7 Responses to “Coen Bros: Miller’s Crossing”
  1. r_sikoryak says:

    Oddly, I haven’t seen this yet… but I just saw No Country.

    SPOILER!

    It’s really good.

    Will you speak of it once you’ve made it through all the rest?

  2. Anonymous says:

    chicago

    I always thought the movie took place in Chicago. Something about all of the scandinavians and Irish and Italian mobs.

    • Todd says:

      Re: chicago

      It seems like a very Chicago story, doesn’t it? But the city goes unnamed. It was shot in New Orleans, and there’s something East Coast about the dominance of Irish gangs. But I think it just takes place in Big American City, USA.

  3. ogier30 says:

    Millers Crossing is one of my favorite films. A wonderful pastiche of The Glass Key and Red Harvest.

    The entire film is truly summed up by Gaspar at the start – the opening line of the film: “I’m talking about friendship. I’m talking about character. I’m talking about — hell Leo, I ain’t embarassed to use the word — I’m talking about ethics.” Everything that happens afterwards illustrates that.

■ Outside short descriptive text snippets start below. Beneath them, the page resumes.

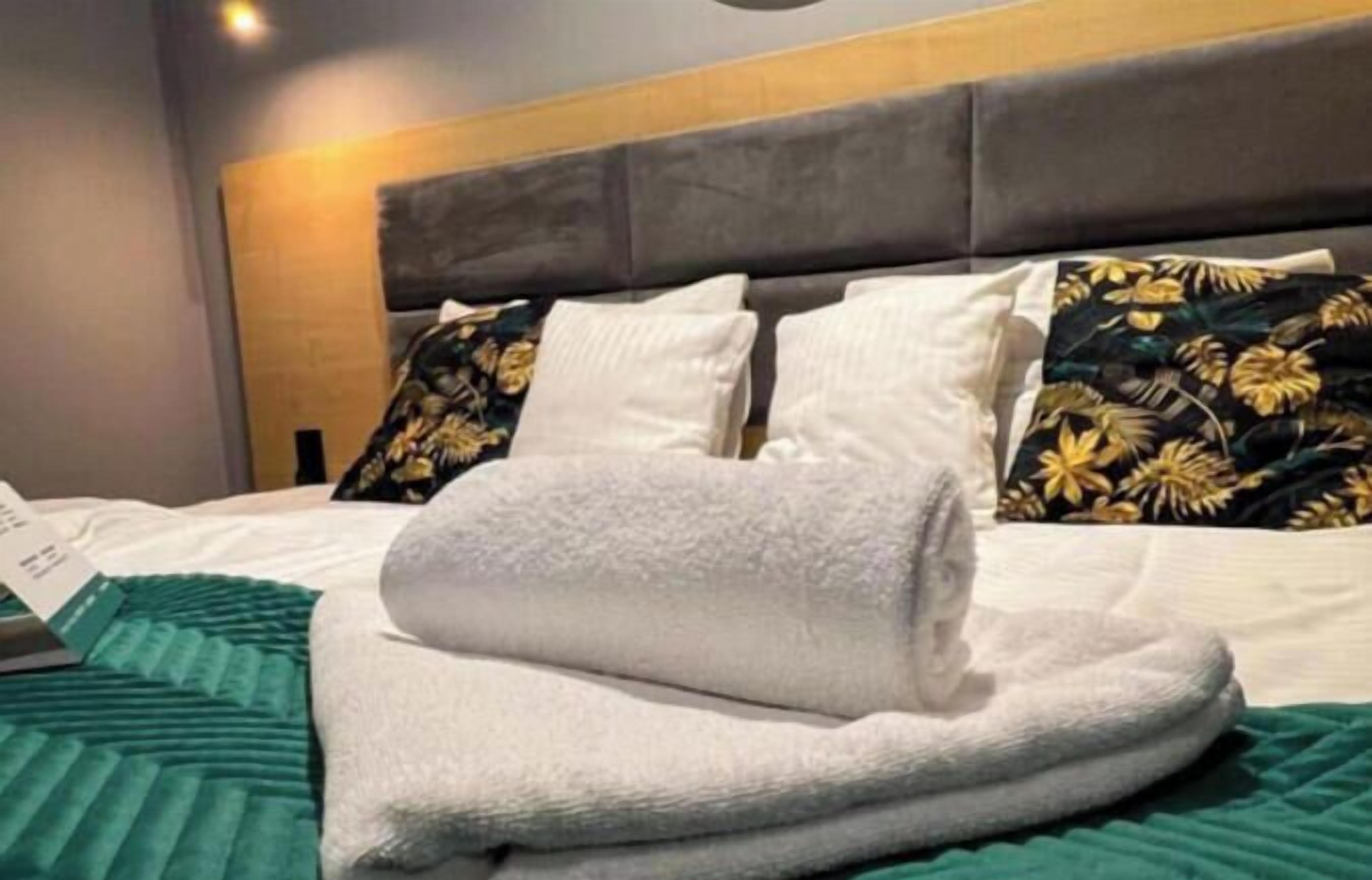 Un lit bien fait, avec des oreillers blancs et une serviette pliée, une couverture verte et un coussin à motifs floraux.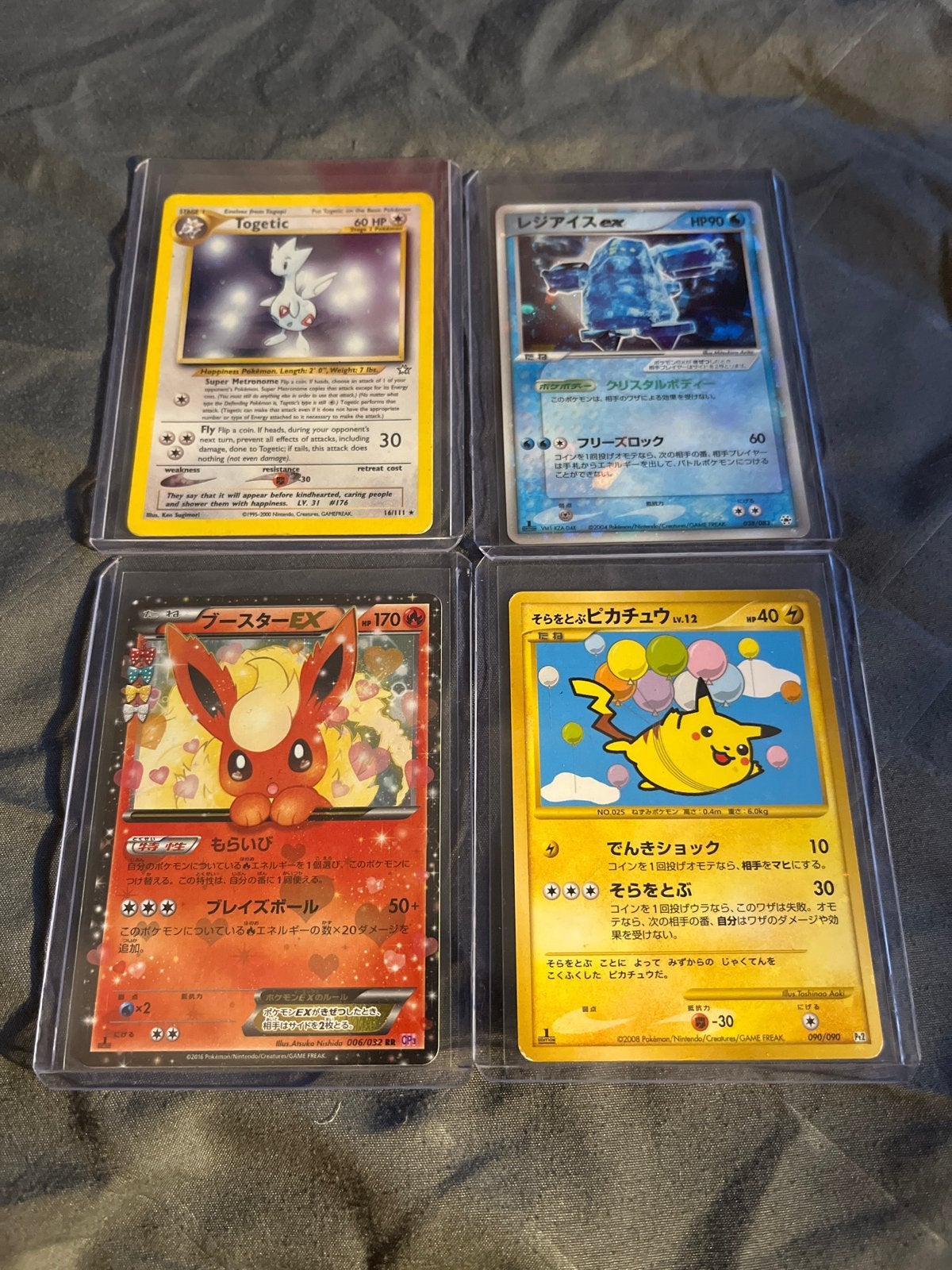 4 Pokémon kaarten - Togetic (swirl holo), Regice ex, Flareon, Ophalen of Verzenden, Zo goed als nieuw, Meerdere kaarten, Foil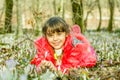 Beautiful girl laying in the flowers in the forest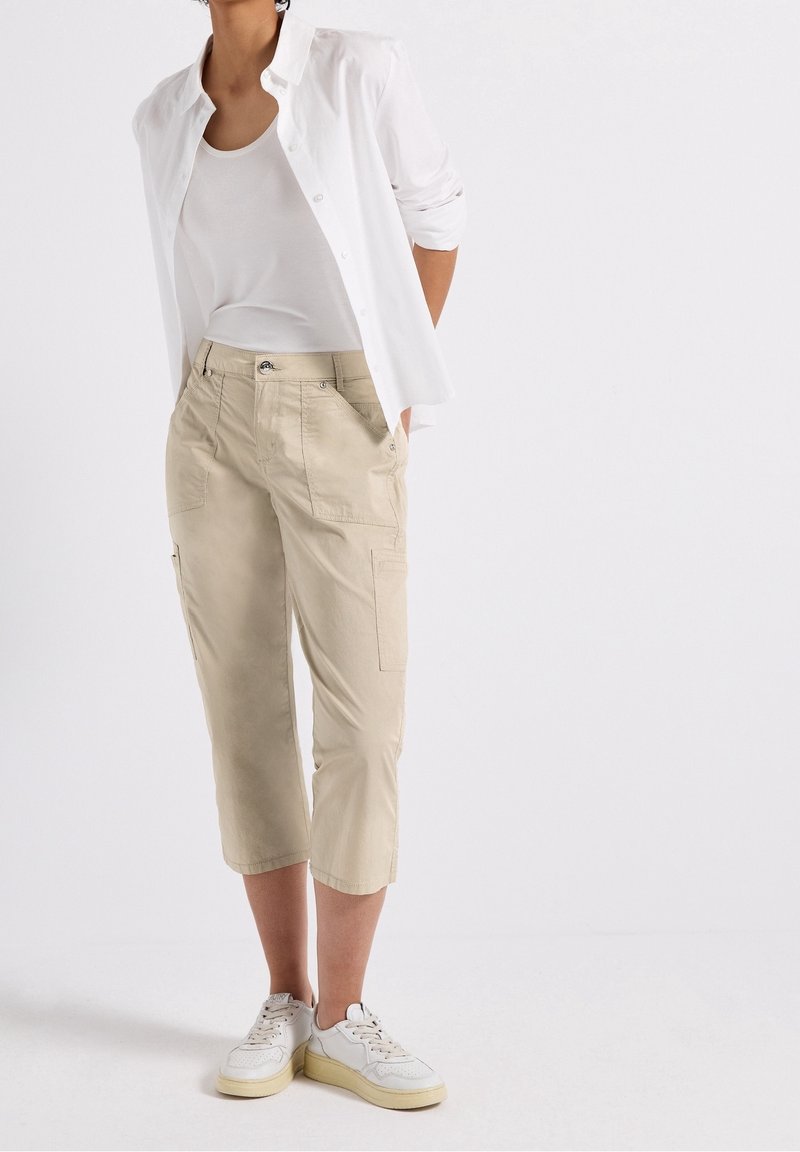 Kvinna som bär beige, korta cargo-byxor, vit linneöverdel, vit, uppknäppt skjorta och vita sneakers, stående med händerna i fickorna.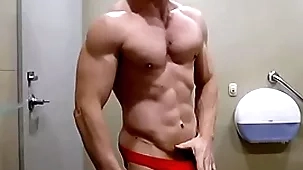 Hung bodybuilder flexing shirtless in all directions overheated blarney sox bloomers zak rogerz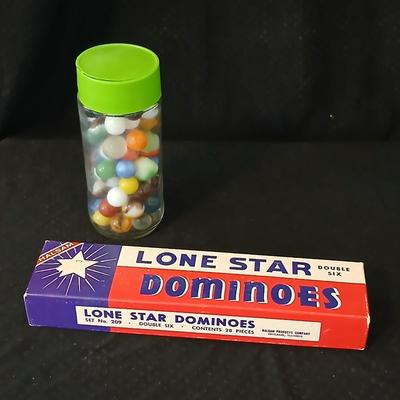 Jar of vintage marbles with a Vintage Halsam lone star double six Dominoes game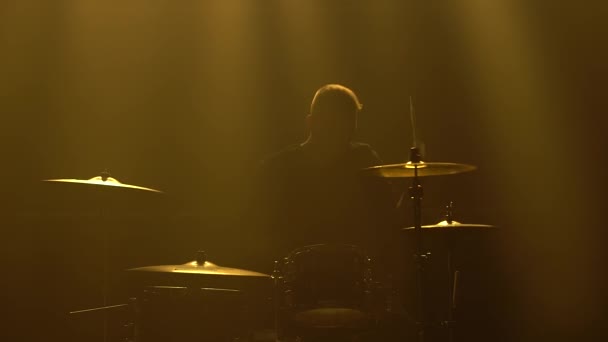 Silhouette baterista tocando en el kit de batería en el escenario en un estudio oscuro con humo e iluminación de neón. Banda vocal y musical. Primer plano. — Vídeos de Stock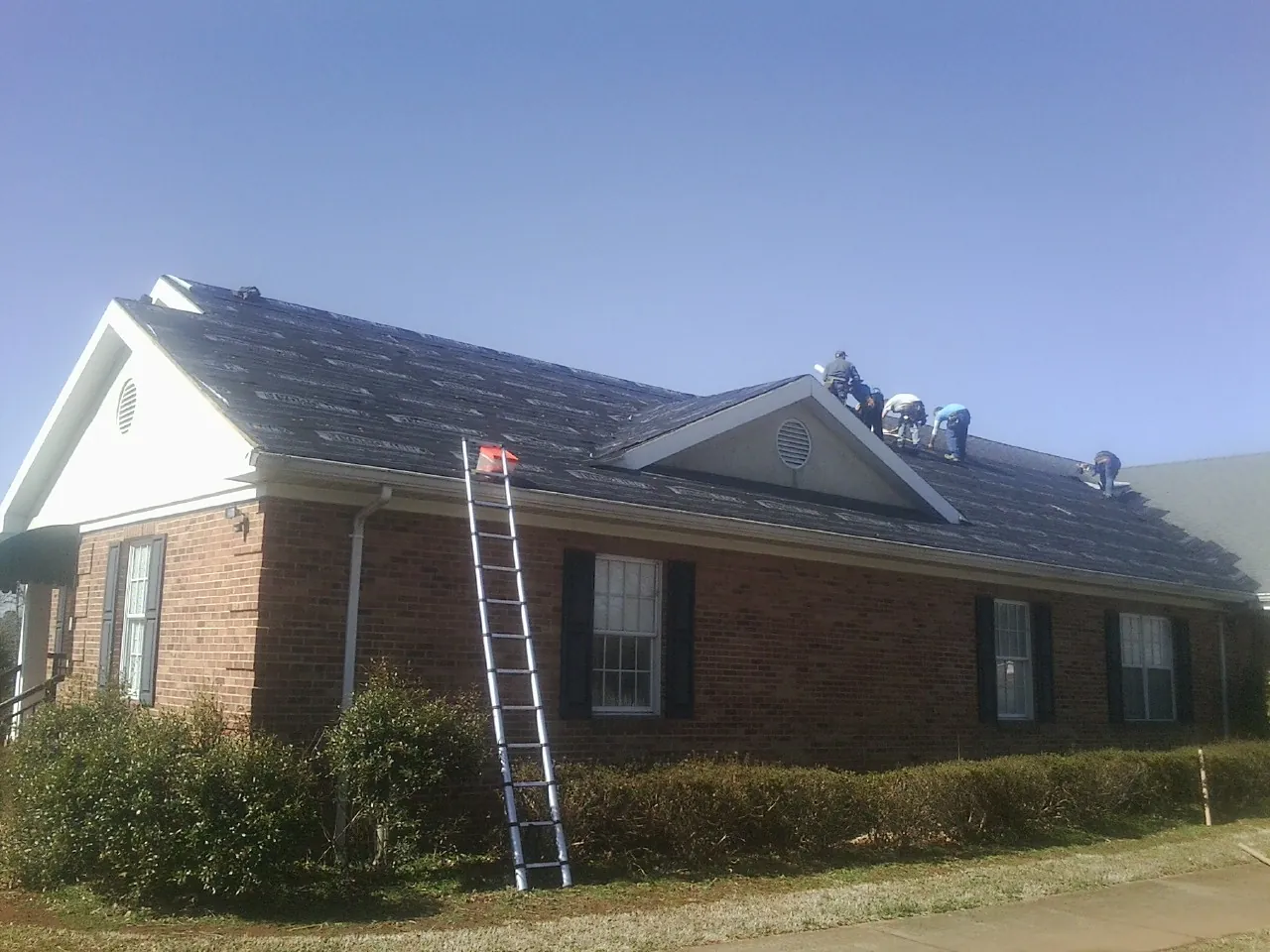 Crew tearing shingles off a brick ranch roof with a ladder set — Emergency Roof Repair work by our crew in Fonda
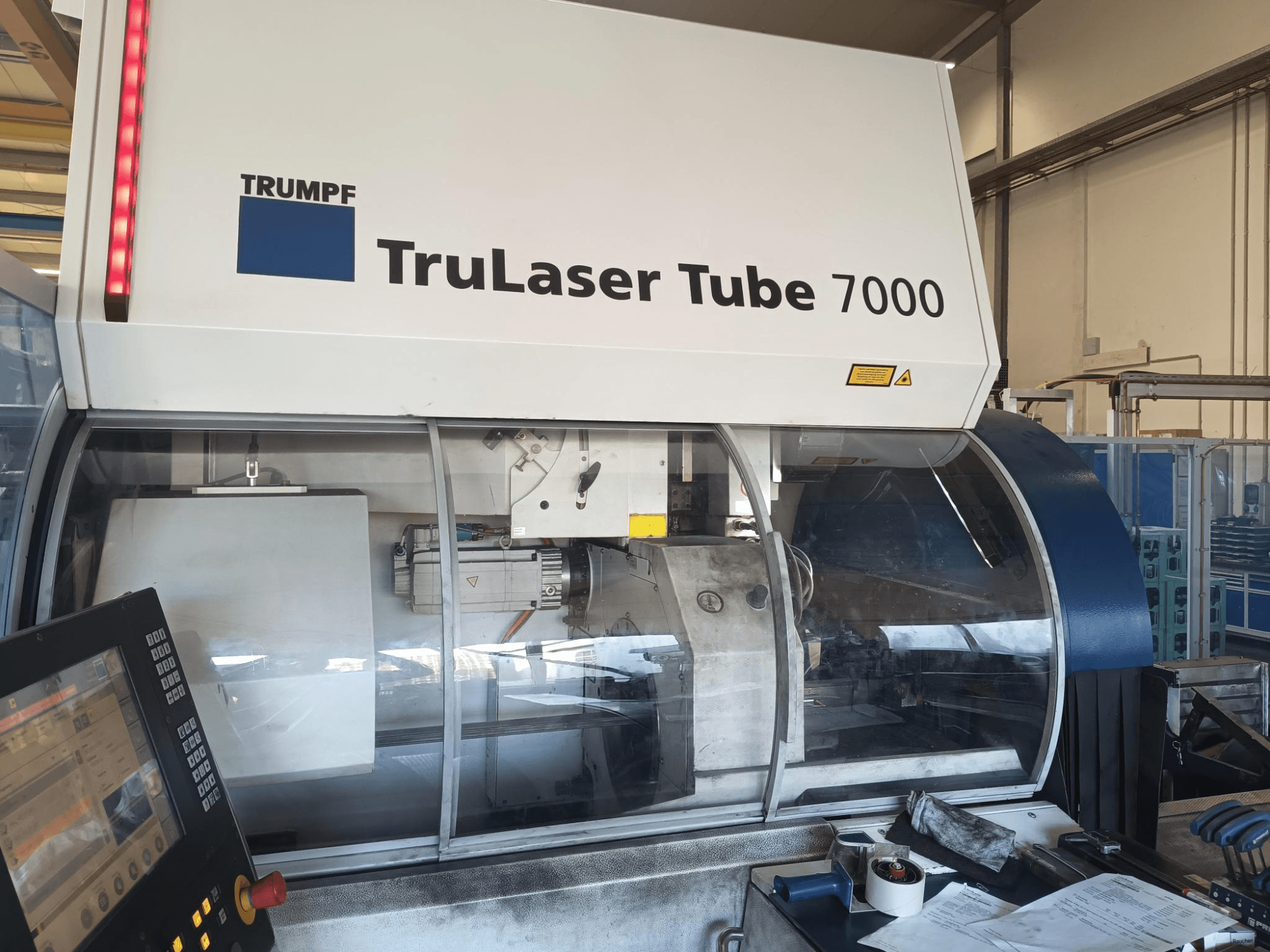TRUMPF TruLaser Tube 7000, vista frontale della macchina con pannello di controllo, che mostra le caratteristiche del taglio laser e l'area di lavoro.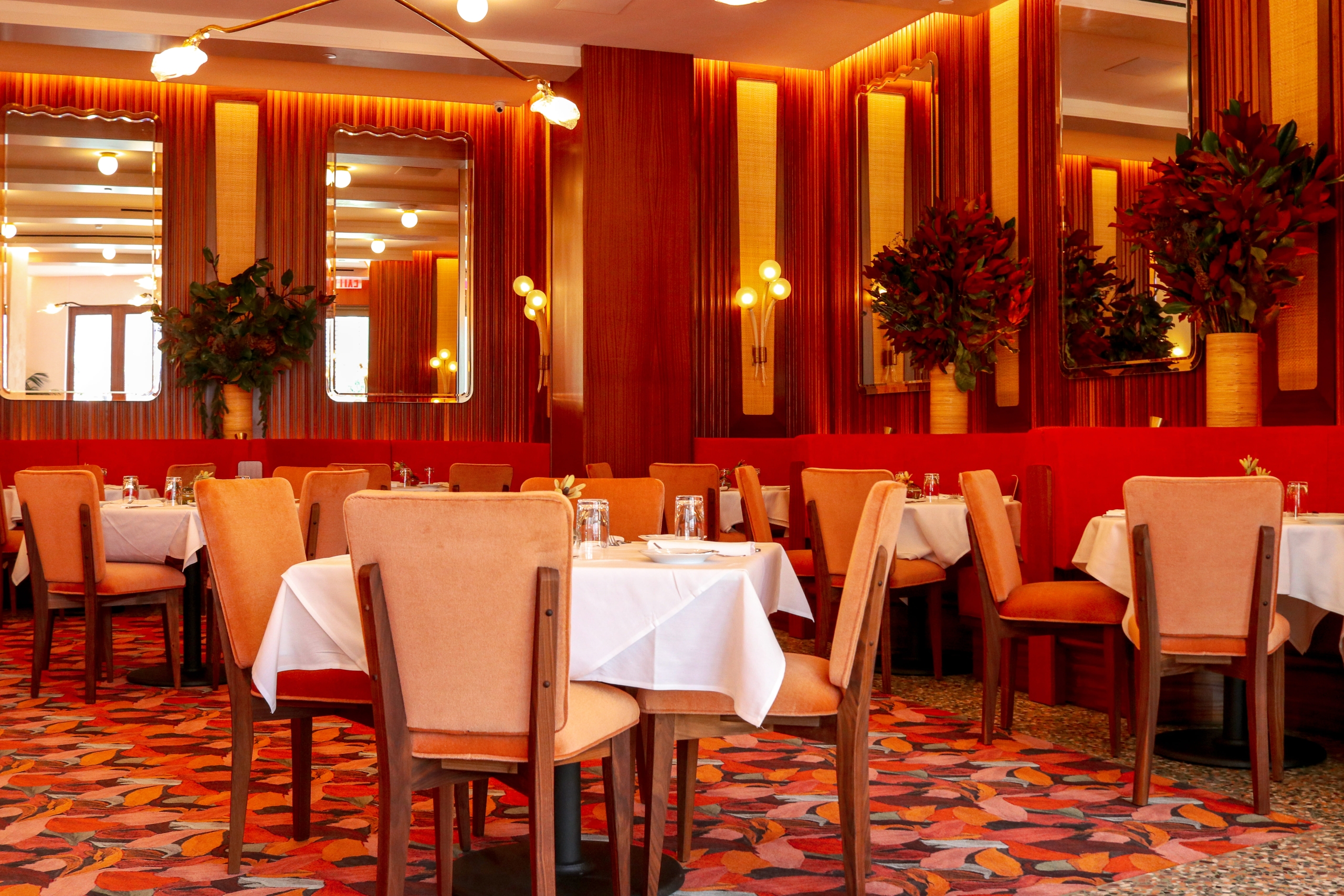 Restaurant interior featuring red velvet upholstery, dark wood paneling, and warm, golden lighting.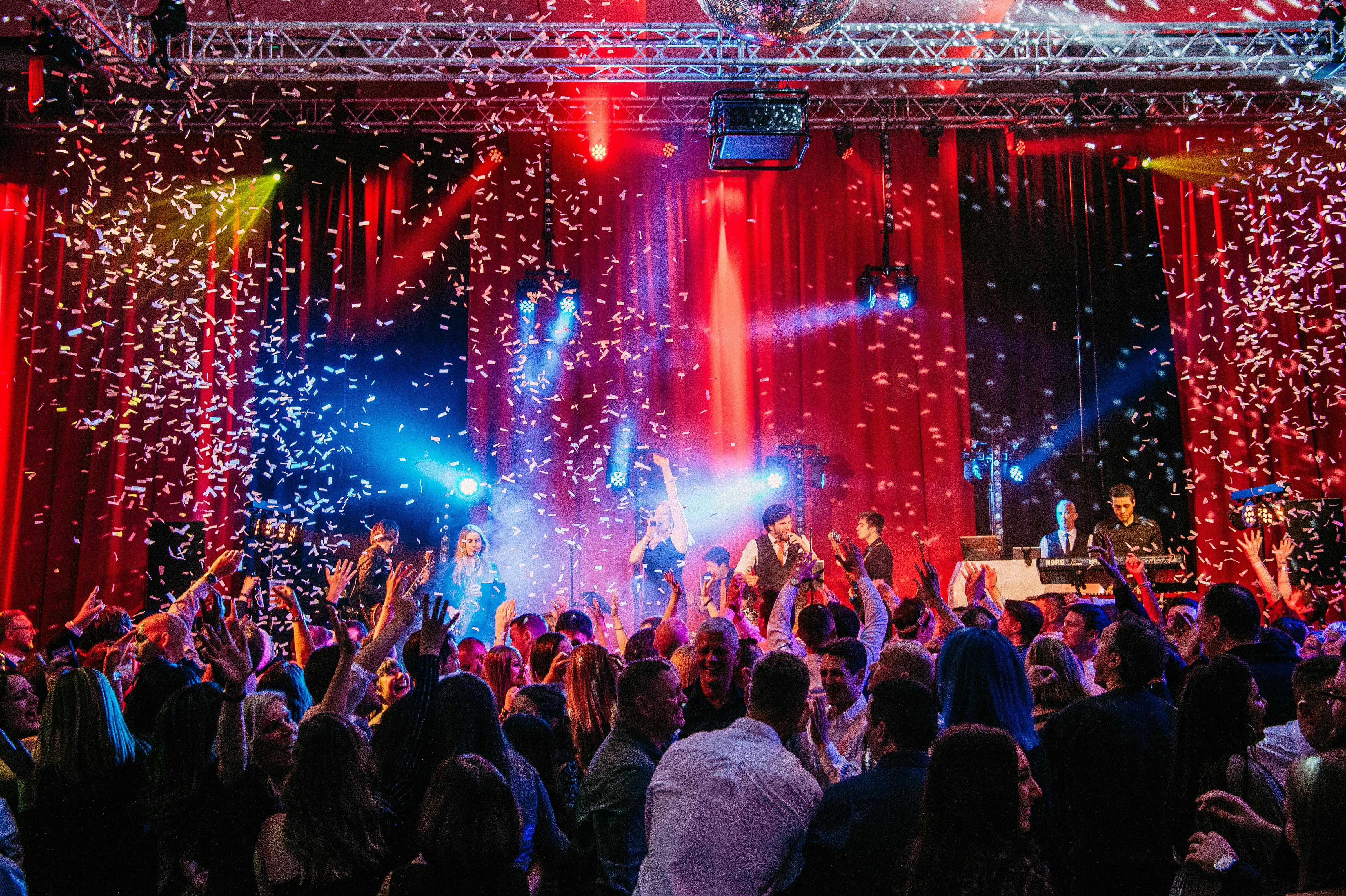 Vibrant crowd at The Point, Emirates Old Trafford, celebrating a gala event with confetti.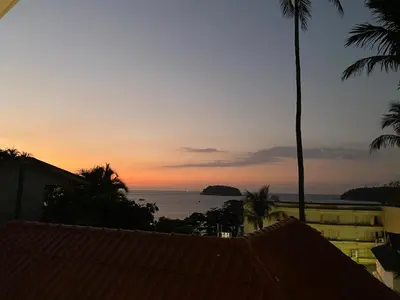 a view of the ocean at sunset from a house at Kata White Villas in Kata Beach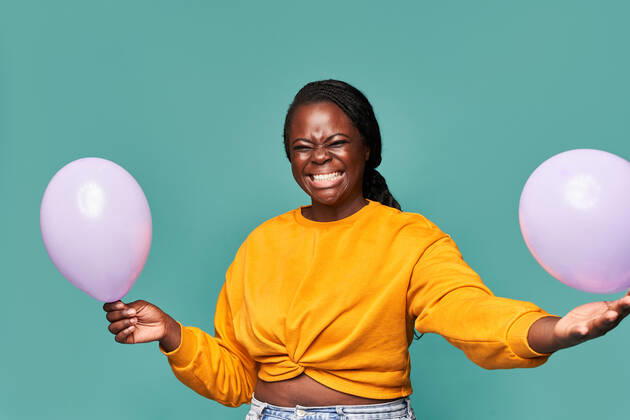 Excited African American female in jeans and yellow top standing near falling balloons against blue background in studio Copyright: xManuelxRuizx Model Released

    I’ve always thought, to some degree, the speech Sam Spade makes at the end of The Maltese Falcon (novel also by Dashiel Hammett) in some way sums up Tom Reagan and his motivations:

    “Listen… This won’t do any good. You’ll never understand me but I’ll try once and then give it up. Listen… When a man’s partner is killed, he’s supposed to do something about it. It doesn’t make any difference what you thought of him. He was your partner and you’re supposed to do something about it. Then it happens we’re in the detective business. Well, when one of your organization gets killed, it’s bad business to let the killer get away with it — bad all around — bad for every detective everywhere.”

    And that’s what drives Tom. He’s Leo’s right hand man, he’s supposed to give advice and protect Leo – his friend and partner. When Leo’s making a bad decision, Tom does something about it – not because it’s convenient or easy, but because it’s the right thing for him to do. Tom is a man of character and ethics.

    Eddie the Dane is the counter-part to Tom, and momentarily thinks he’s ahead of the game… but Eddie lacks Tom’s ethics and character; Eddie is motivated by advantage, rather than what is right. Thus, when it comes down to it, Gaspar choose Tom over Eddie (wrongly, it proves, but only because Tom is no friend of Gaspar).

    Tom also kills Bernie because what Bernie did, he can’t let go unpunished – no the just the chiseling on bets , but reneging on his deal with Tom and his murder of Mink. It’s bad for Tom’s business, bad for everyone’s business. Bernie has to go, because he’s proven himself to be a man without character, friendships, or ethics.

    The reason Tom walks away at the end is that Leo, by opting to marry Verna, has revealed that in the end, he isn’t willing to do the “something” a man is supposed to do. He choose Vera over Tom, and so Tom, having done all he can do for Leo, must walk away. Leo has failed the test of friendship, character and ethics as well.

    In the entire film, Tom Reagan is the only one who holds to friendship, character and ethics. All around him, everyone else fails in some or all of those areas.

  4. Anonymous says:

    Jesus, Tom!

    You’re on to something with the repetition of “Jesus, Tom” or “Tom! Jesus!” throughout the movie. Tom does play a Christ figure, who is sacrificing the only life he knows in order to restore balance to the world for his “Father”, Leo (as in lion, the king of the forest). The Holy Trinity is completed when you consider Caspar, the friendly (Holy) ghost. I’m not completely sure where the Trinity metaphor as a whole takes you, but it’s interesting.